## Task directions
Return, word for word, the line containing "dreamland rollercoaster sign margate" and every line after it through the last line of the records below.
....
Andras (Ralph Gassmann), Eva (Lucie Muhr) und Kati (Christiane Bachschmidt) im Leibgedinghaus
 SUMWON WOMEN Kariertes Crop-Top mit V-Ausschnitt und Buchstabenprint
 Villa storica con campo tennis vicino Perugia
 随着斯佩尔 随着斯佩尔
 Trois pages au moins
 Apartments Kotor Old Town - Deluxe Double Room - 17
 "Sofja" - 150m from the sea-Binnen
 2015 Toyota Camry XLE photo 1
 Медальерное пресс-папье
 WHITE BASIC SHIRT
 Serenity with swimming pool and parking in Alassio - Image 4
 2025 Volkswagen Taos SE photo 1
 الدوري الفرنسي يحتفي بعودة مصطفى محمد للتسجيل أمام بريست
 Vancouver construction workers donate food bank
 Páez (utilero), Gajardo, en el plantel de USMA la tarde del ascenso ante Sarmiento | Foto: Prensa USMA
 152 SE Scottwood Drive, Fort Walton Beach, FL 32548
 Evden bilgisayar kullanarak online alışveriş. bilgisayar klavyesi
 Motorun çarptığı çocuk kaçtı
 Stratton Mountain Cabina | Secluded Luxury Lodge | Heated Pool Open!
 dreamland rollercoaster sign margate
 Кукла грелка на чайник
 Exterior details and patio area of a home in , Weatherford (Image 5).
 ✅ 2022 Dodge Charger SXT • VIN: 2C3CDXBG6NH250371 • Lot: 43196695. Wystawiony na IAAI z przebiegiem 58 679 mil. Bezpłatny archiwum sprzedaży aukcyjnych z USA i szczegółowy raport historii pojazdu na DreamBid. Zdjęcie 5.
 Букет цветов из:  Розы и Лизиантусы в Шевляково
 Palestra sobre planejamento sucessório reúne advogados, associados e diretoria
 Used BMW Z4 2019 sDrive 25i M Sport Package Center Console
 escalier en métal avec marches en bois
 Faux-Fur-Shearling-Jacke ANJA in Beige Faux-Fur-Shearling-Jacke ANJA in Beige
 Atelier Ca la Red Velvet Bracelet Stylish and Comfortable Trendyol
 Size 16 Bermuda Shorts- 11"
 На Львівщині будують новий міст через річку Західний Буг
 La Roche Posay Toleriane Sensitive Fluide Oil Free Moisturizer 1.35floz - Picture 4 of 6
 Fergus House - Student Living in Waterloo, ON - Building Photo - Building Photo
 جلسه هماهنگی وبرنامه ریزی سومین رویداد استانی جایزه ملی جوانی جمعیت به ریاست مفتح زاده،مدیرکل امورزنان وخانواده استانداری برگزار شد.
....
## Finished exercise
 dreamland rollercoaster sign margate
 Кукла грелка на чайник
 Exterior details and patio area of a home in , Weatherford (Image 5).
 ✅ 2022 Dodge Charger SXT • VIN: 2C3CDXBG6NH250371 • Lot: 43196695. Wystawiony na IAAI z przebiegiem 58 679 mil. Bezpłatny archiwum sprzedaży aukcyjnych z USA i szczegółowy raport historii pojazdu na DreamBid. Zdjęcie 5.
 Букет цветов из:  Розы и Лизиантусы в Шевляково
 Palestra sobre planejamento sucessório reúne advogados, associados e diretoria
 Used BMW Z4 2019 sDrive 25i M Sport Package Center Console
 escalier en métal avec marches en bois
 Faux-Fur-Shearling-Jacke ANJA in Beige Faux-Fur-Shearling-Jacke ANJA in Beige
 Atelier Ca la Red Velvet Bracelet Stylish and Comfortable Trendyol
 Size 16 Bermuda Shorts- 11"
 На Львівщині будують новий міст через річку Західний Буг
 La Roche Posay Toleriane Sensitive Fluide Oil Free Moisturizer 1.35floz - Picture 4 of 6
 Fergus House - Student Living in Waterloo, ON - Building Photo - Building Photo
 جلسه هماهنگی وبرنامه ریزی سومین رویداد استانی جایزه ملی جوانی جمعیت به ریاست مفتح زاده،مدیرکل امورزنان وخانواده استانداری برگزار شد.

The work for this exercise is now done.